[Items listed in a dataset]
· · ·

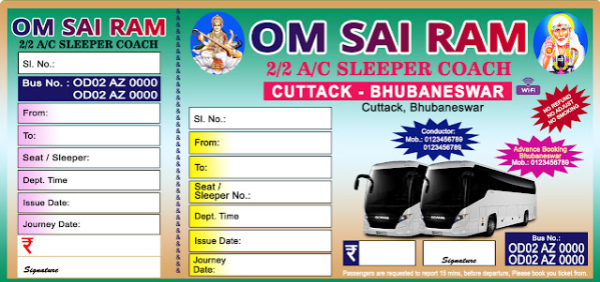 thumbnail Download Bus Ticket Voucher PSD Photoshop File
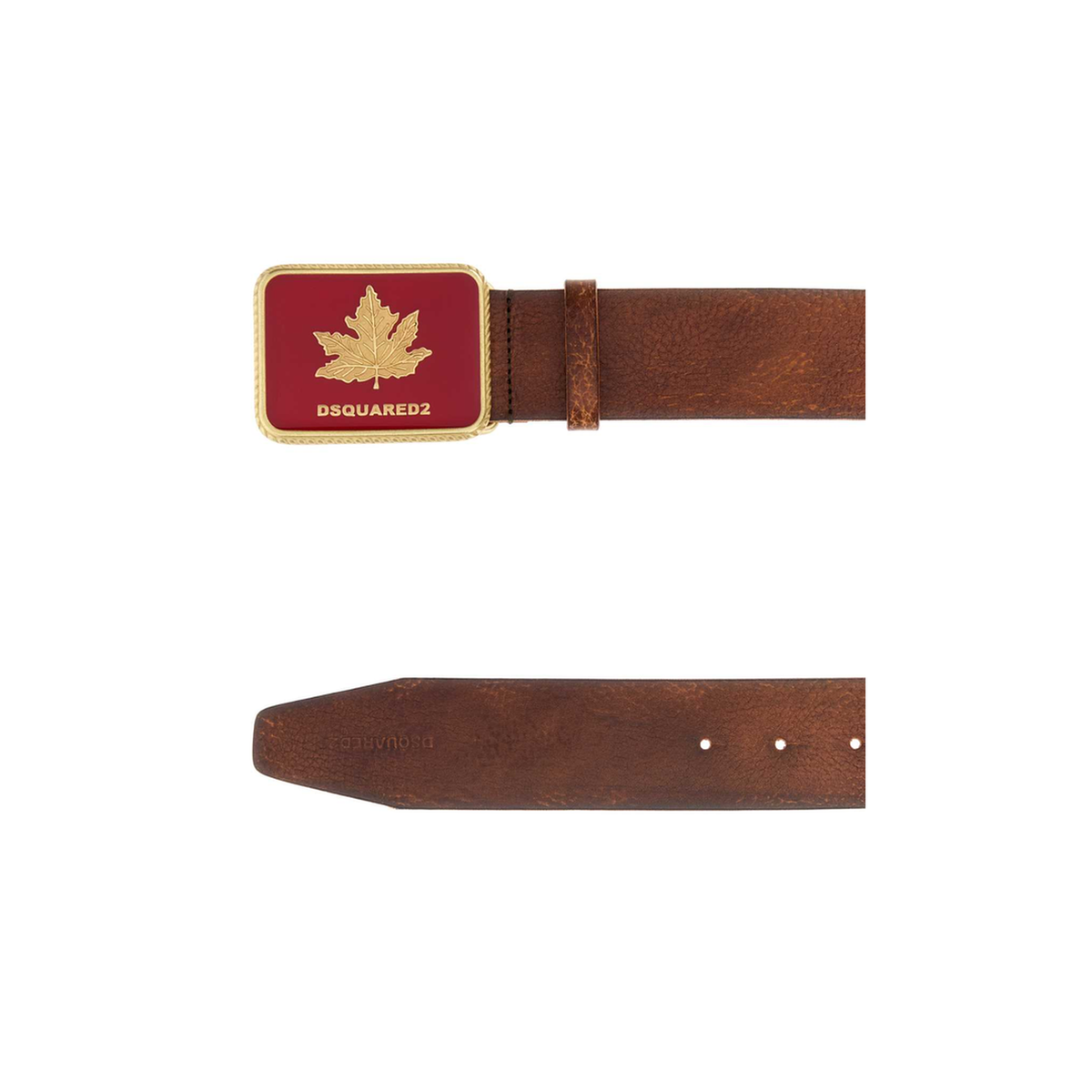 MAYFEYR - Dsquared2 - Brown Leather Canadian Heritage Belt - BEM059412900001M1168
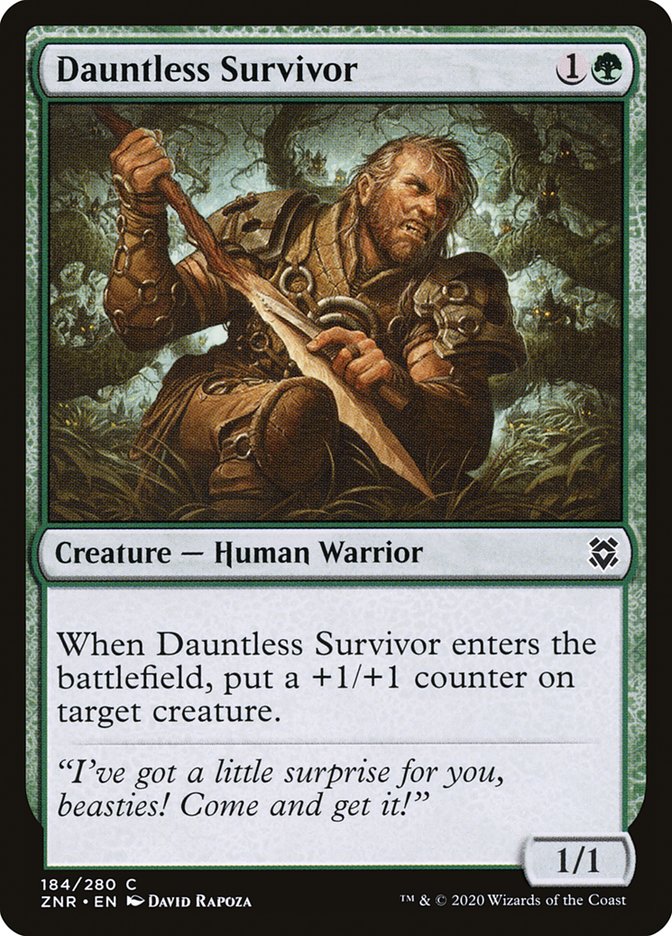 Dauntless Survivor [Zendikar Rising] - Destination Retro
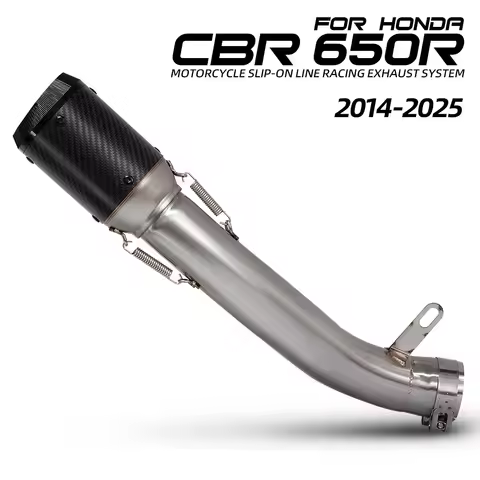For Honda CBR650R CBR650F CB650R CB650F 2014-2025 racing slip on line kit motorcycle exhaust pipe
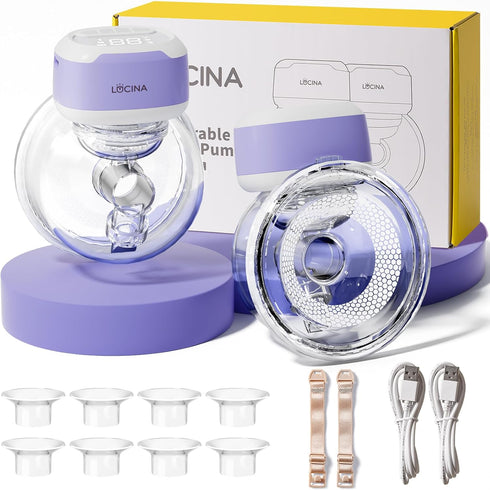 Wearable Breastfeeding Pump Hands Free of Long Battery Life, Portable Electric Wireless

· · ·

| TASK BRIEF |
The records above must be retyped exactly. Please omit the pictures.

| ANSWER TO THIS PROBLEM |
 thumbnail Download Bus Ticket Voucher PSD Photoshop File
 MAYFEYR - Dsquared2 - Brown Leather Canadian Heritage Belt - BEM059412900001M1168
 Dauntless Survivor [Zendikar Rising] - Destination Retro
For Honda CBR650R CBR650F CB650R CB650F 2014-2025 racing slip on line kit motorcycle exhaust pipe
 Wearable Breastfeeding Pump Hands Free of Long Battery Life, Portable Electric Wireless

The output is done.